Tim Hanley steadily handles the topic of a female villain, never once falling into the traps which often waylay males as they discuss female characters. For this book, his aim was to take a critical look at a long comics history (over 70 years!). He explains not only the developments of Catwoman, but looks at the social significance of her role as well.
The comic history of Catwoman is detailed through the ages by breaking up chapters mainly along authorial lines. Hanley also focuses on the social implications and conversations (Whipping the Patriarchy may be my new catchphrase), animation (who doesn’t love the animated series?), and actresses of both the live and voice variety. It’s a hefty undertaking, but somehow, Hanley has crafted a book which never seems verbose.
The fascinating way that Hanley has written this book allows it to be comprehensible and interesting to all readers. In many ways, this book could be used as a textbook in a class on characterization, especially if the class wanted to look at female archetypes in literature. Because no one else has quite filled the roll of sex symbol and feminist that Catwoman has.
“[Her narrative is] one of reinvention, of following every benching or fetishizing depiction with a new incarnation that forgets the past and blazes on with the fierce independence that’s characterized her over the decades.”

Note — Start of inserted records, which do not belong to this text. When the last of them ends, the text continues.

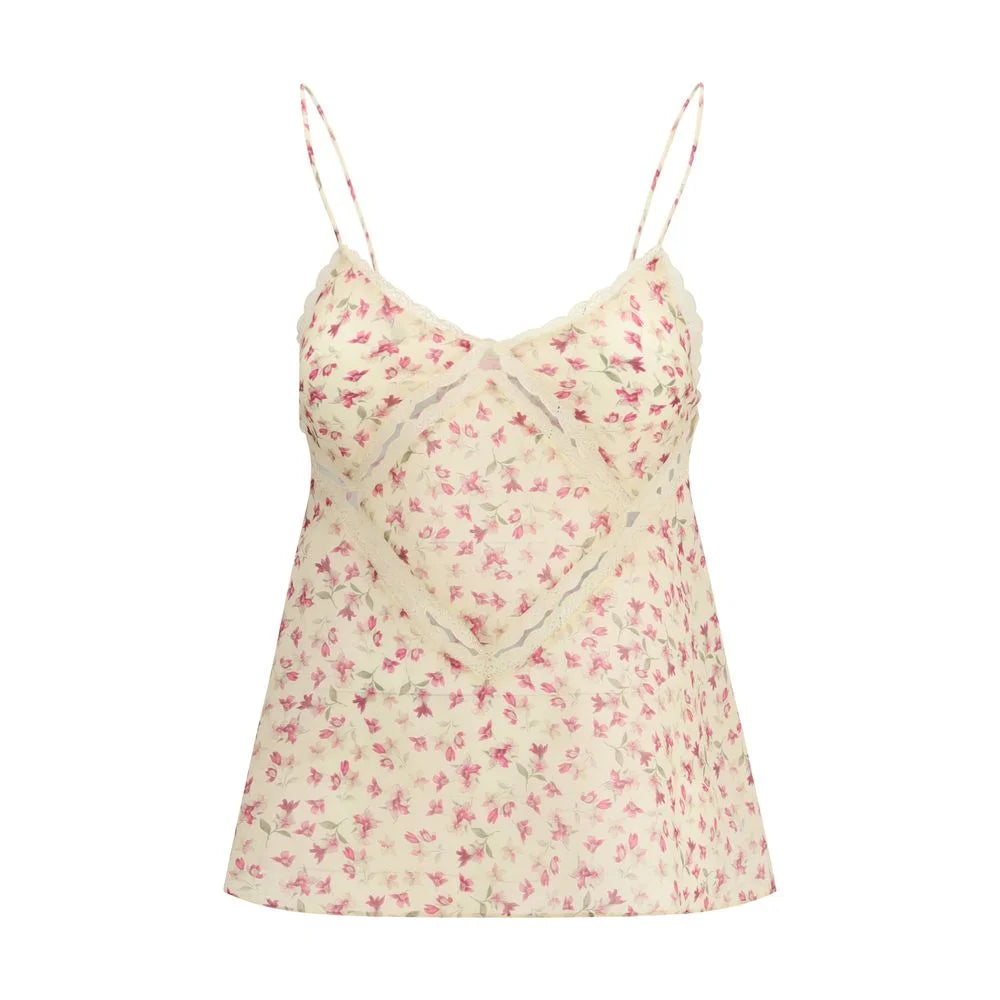 Kristina Ti Multicolor Ramie Top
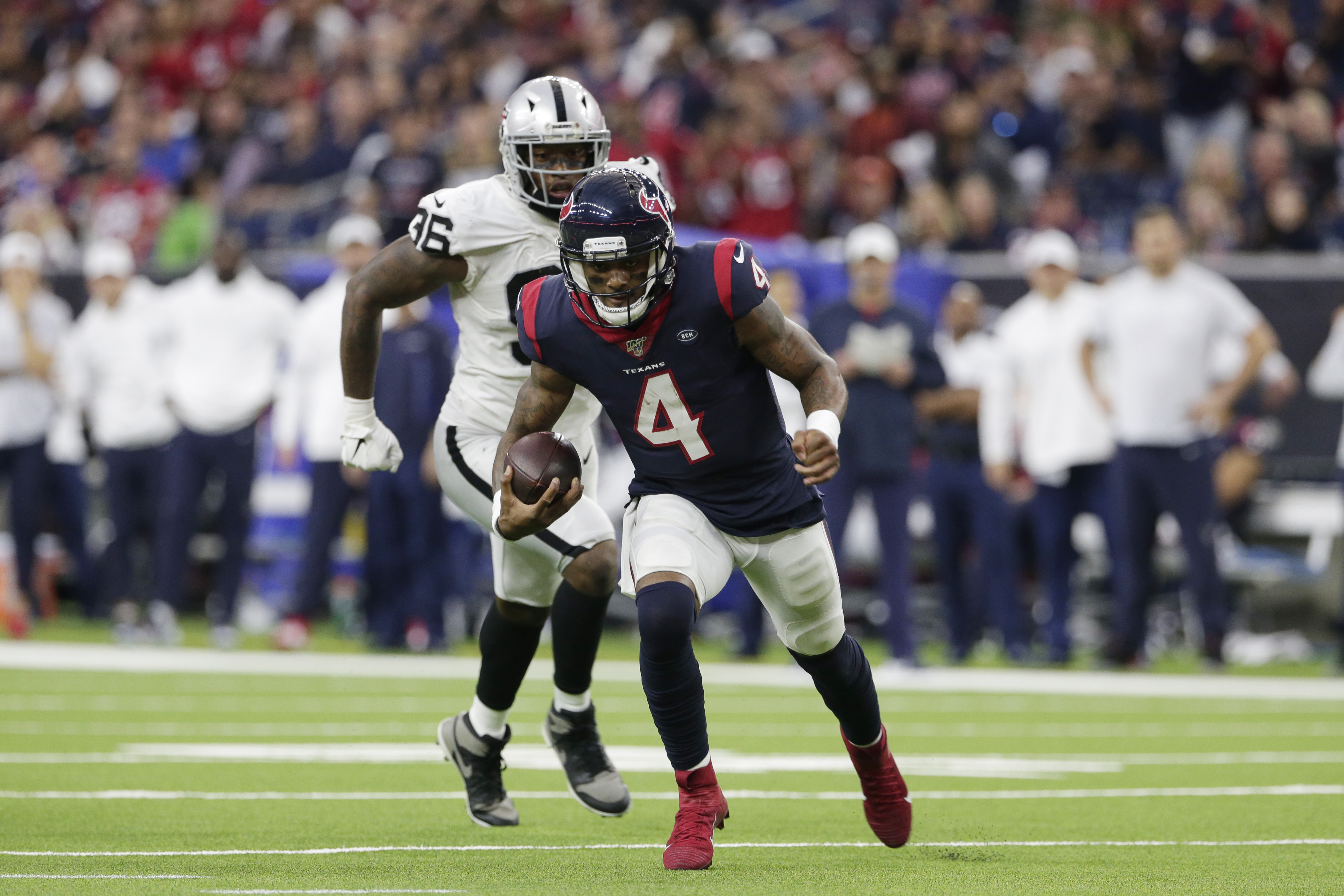 Deshaun Watson has the Texans in contention for a spot in the playoffs.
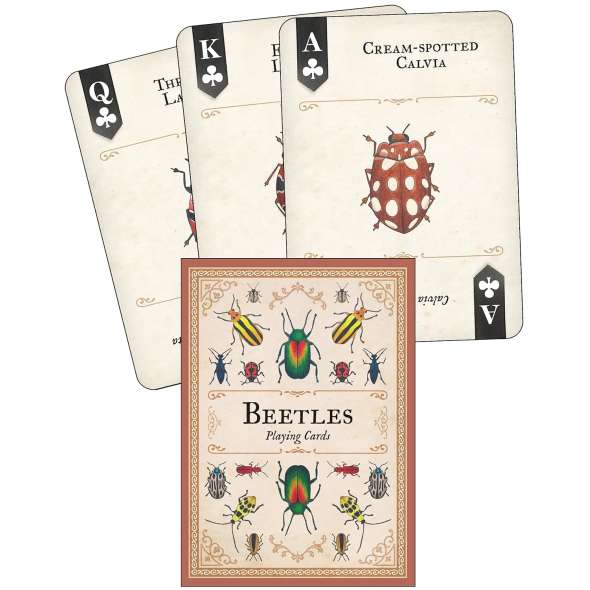 Beetles Playing Cards - Playing Cards - Paracay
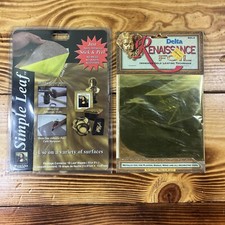Gold Leaf Foil Sheets For Craft Projects 2 Packs Multi Surface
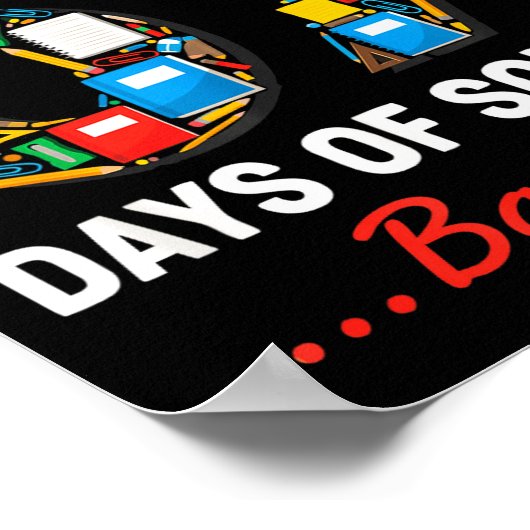 67 Days Of School Funny I Survived Six Seven Meme  Poster (Hoek)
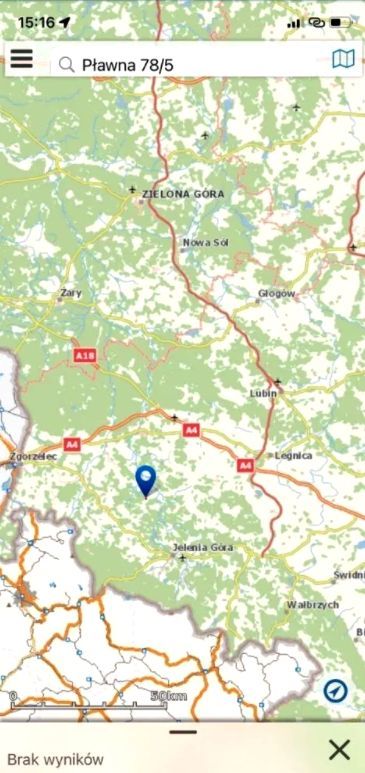 Działka budowlana Pławna Dolna. Zdjęcie 7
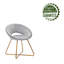 Velvet Barrel Chair-9794360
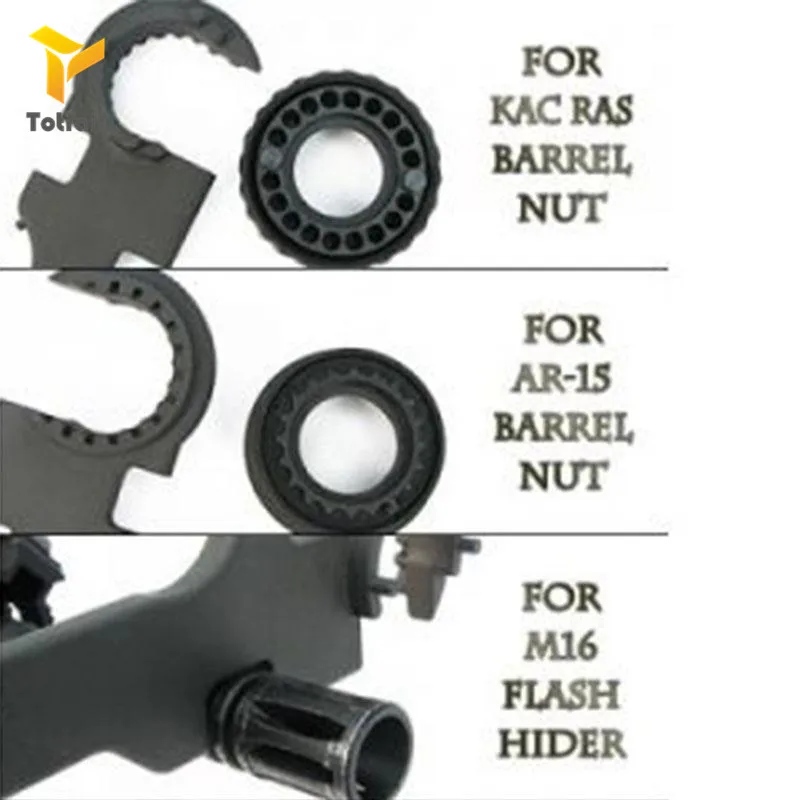 AR15 гаечный ключ Combo Armorer's гаечный ключ инструмент для ствольной накладки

The Many Lives of Catwoman is a great peek into the history of a classic comic character. Hanley provides interesting insights into the industry and its handling of her. And there’s an absolutely beautiful bibliography at the end. If you’re into that kind of thing. I, for one, am glad to know my favorite childhood character a little bit better, to feel she received the focus and respect she deserved. If anyone deserves nine lives, it’s Catwoman.